WHAT YOU NEED TO DO: The reply should match the listing below character for character, except that no image is carried over.

SUPPLIED INFORMATION:
※

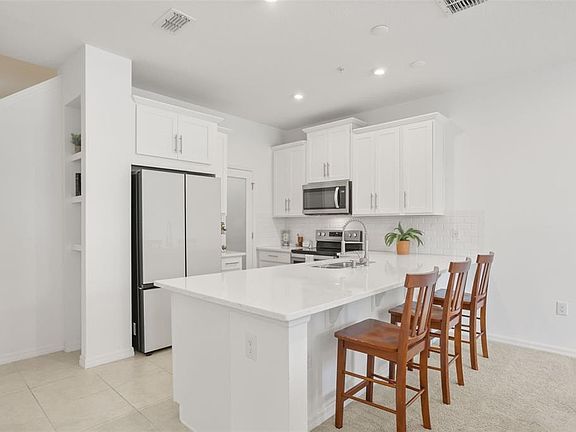 3rd image of 10245 HIGHLINE CREST STREET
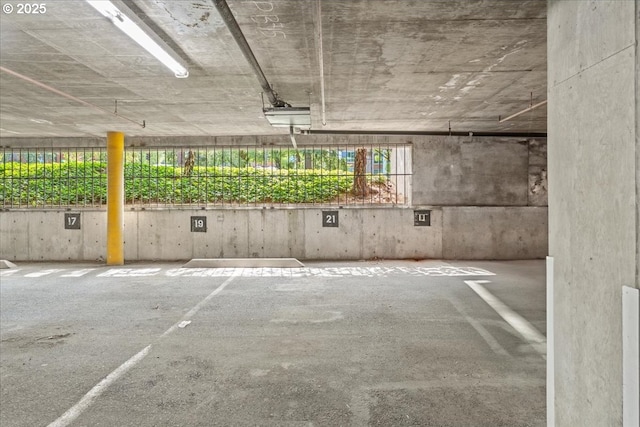 5858 S Riveridge Ln Unit 24, Portland, OR 97239 - view of parking deck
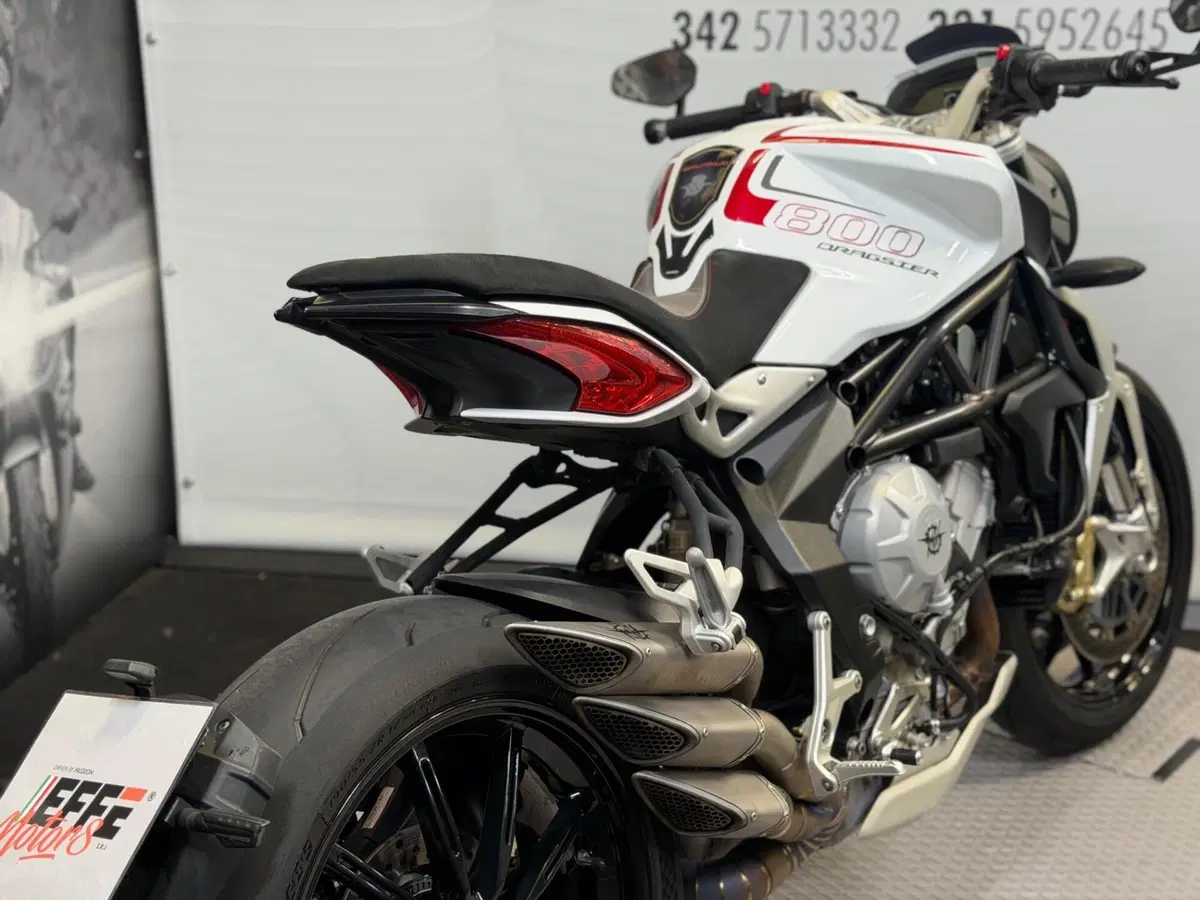 MV Agusta Dragster 800 (2014 - 19) (15)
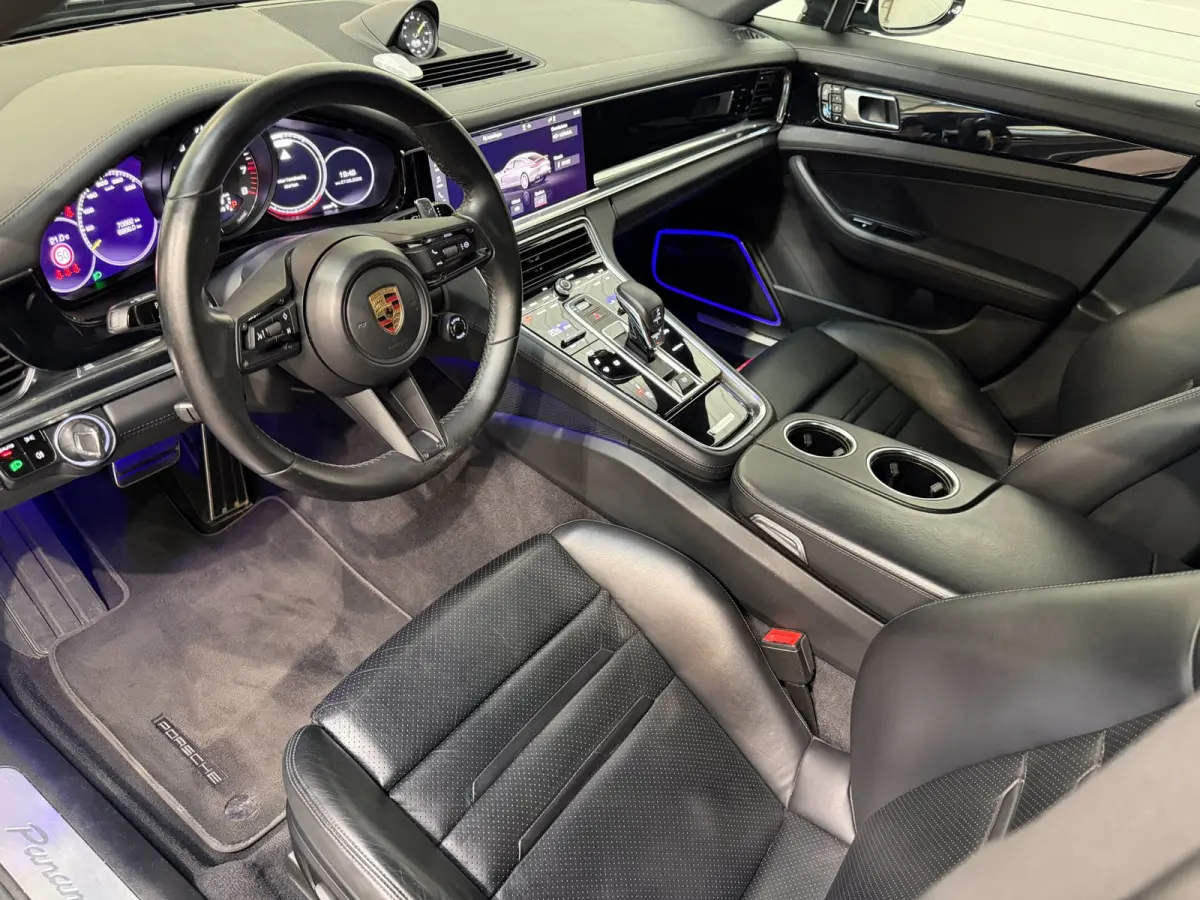 2.9 4 E-Hybrid / Luchtvering / Panoramadak / Sport Chrono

※

PROBLEM SOLUTION:
 3rd image of 10245 HIGHLINE CREST STREET
 5858 S Riveridge Ln Unit 24, Portland, OR 97239 - view of parking deck
 MV Agusta Dragster 800 (2014 - 19) (15)
 2.9 4 E-Hybrid / Luchtvering / Panoramadak / Sport Chrono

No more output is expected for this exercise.